Nation/World

N.C. Republican vows to continue campaign for governor amid fallout from CNN story

Mark Robinson, the Republican nominee for governor in North Carolina, vowed to continue his campaign Thursday amid the fallout over a CNN story about comments he made on a pornographic website’s message board more than a decade ago.

CNN published the story Thursday afternoon, reporting that Robinson had called himself a “black NAZI!” on the forum in 2010 and voiced support for bringing back slavery the same year. Robinson, who has expressed hostility toward transgender people in his campaign, also said on the message board that he liked to watch transgender pornography.

CNN reported that many of Robinson’s comments were “gratuitously sexual and lewd in nature,” and were made between 2008 and 2012 on “Nude Africa,” a pornographic website that includes a message board. CNN said the comments were made under the username minisoldr, a moniker Robinson used frequently online.

Robinson denied making the comments to CNN.

The GOP candidate sought to get ahead of the story with a video he posted on social media shortly before the report’s publication.

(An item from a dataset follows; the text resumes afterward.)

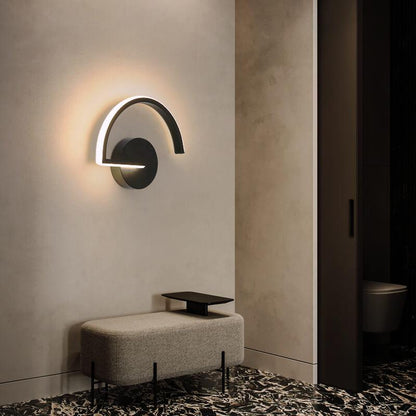 LumiLine - Modern aluminum LED wall lamp with minimalist curves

“Let me reassure you: The things that you will see in that story, those are not the words of Mark Robinson,” Robinson said in the video, posted Thursday afternoon on X. He ended the video by declaring he is “staying in this race.”

Robinson released the defiant video amid mounting speculation about the fate of his campaign, with some North Carolina Republicans suggesting he should end his bid. North Carolina is set to start sending out absentee ballots Friday.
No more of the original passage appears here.